Work order: Set down word for word each line from the one containing "Levi’s リーバイス 550 デニムパンツ 後染めブラック size34 瑞穂店" through the end of the records, both included. Do not copy any pictures.

Data extract:
▼▼▼

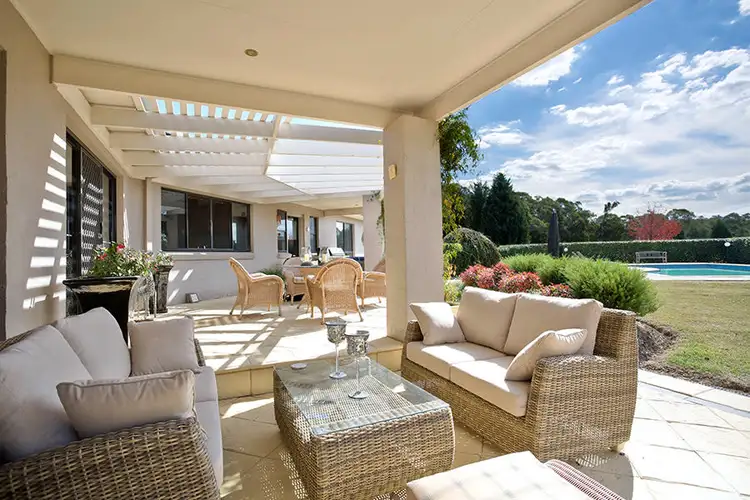 Second view of Homely house listing, 39B Franks Place, Hartley NSW 2790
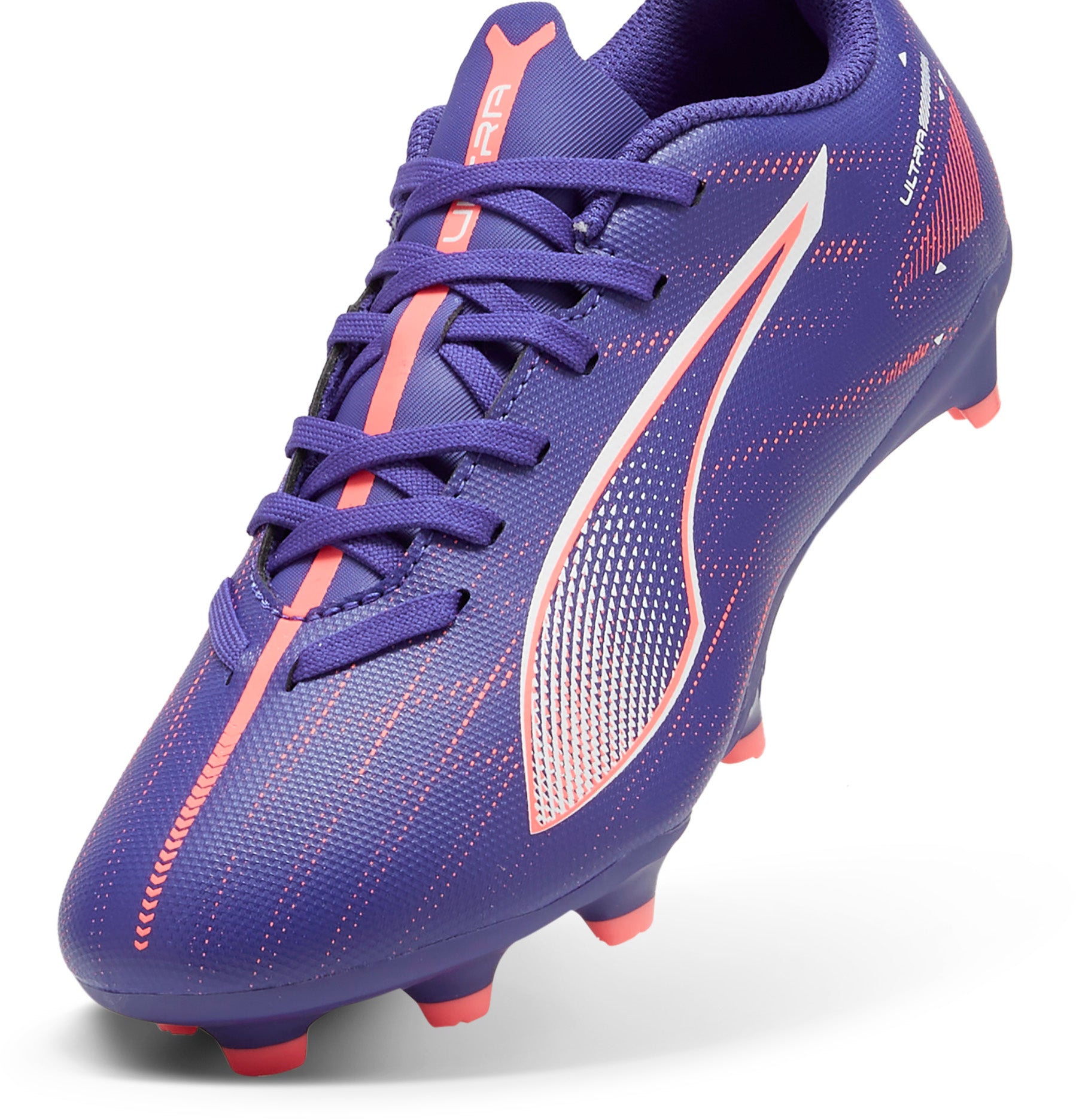 Ultra 5 Play FG/AG Fodboldstøvler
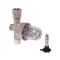 Фільтр магнітний для котла Koer KR.1269 з краном та зворотним клапаном (KR5893)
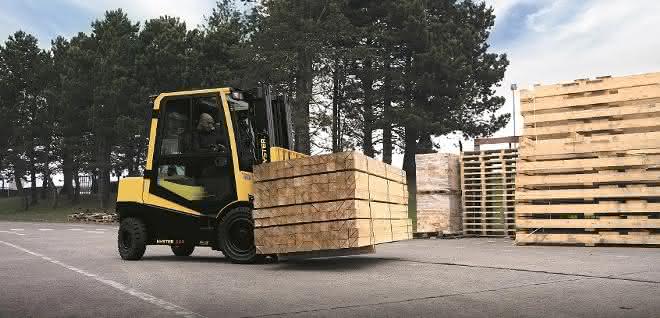 Stacker A-Series Outdoor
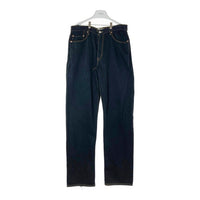 Levi’s リーバイス 550 デニムパンツ 後染めブラック size34 瑞穂店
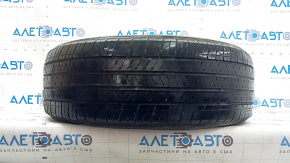Шина R19 225/55 Bridgestone Ecopia H/L 422 Plus 2022 всесезонная 5мм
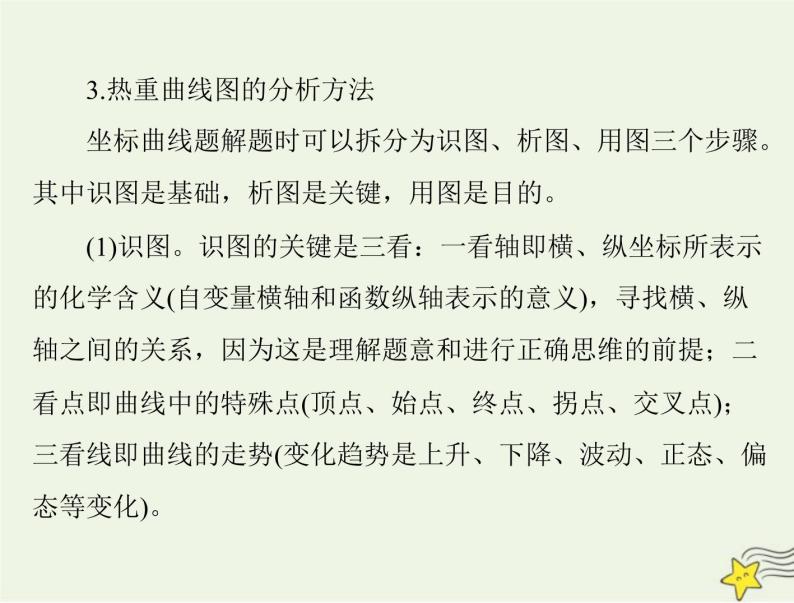 2023版高考化学一轮总复习第三章微专题六热重分析中的物质成分的判断课件04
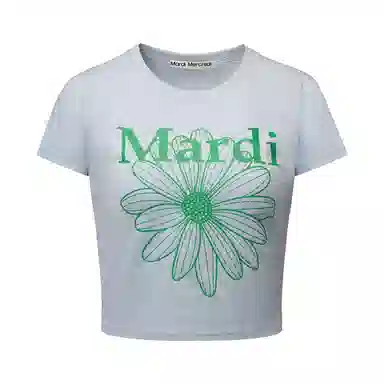 MARDI MERCREDI T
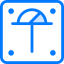 Weight アイコン 64x64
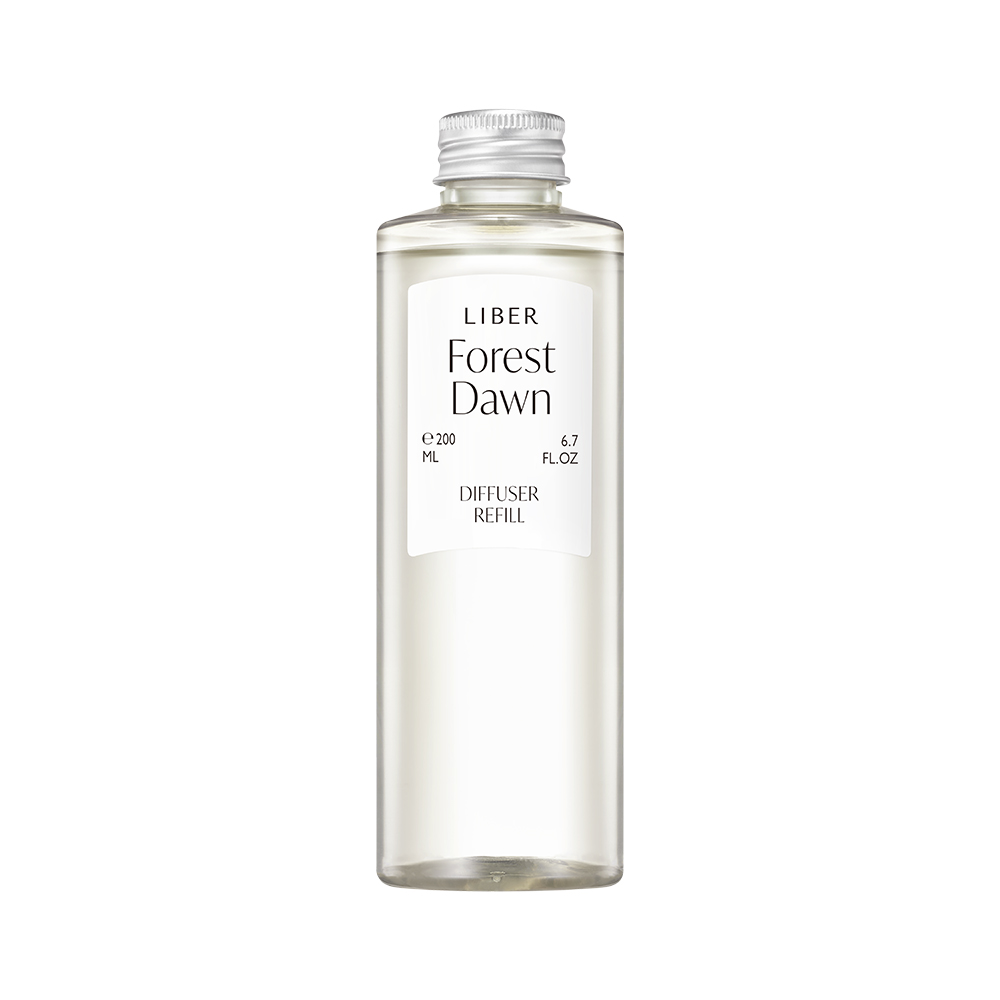 리베르 디퓨저 리필 200ml : 리베르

▲▲▲

Response to the task:
 Levi’s リーバイス 550 デニムパンツ 後染めブラック size34 瑞穂店
Шина R19 225/55 Bridgestone Ecopia H/L 422 Plus 2022 всесезонная 5мм
 2023版高考化学一轮总复习第三章微专题六热重分析中的物质成分的判断课件04
 MARDI MERCREDI T
 Weight アイコン 64x64
 리베르 디퓨저 리필 200ml : 리베르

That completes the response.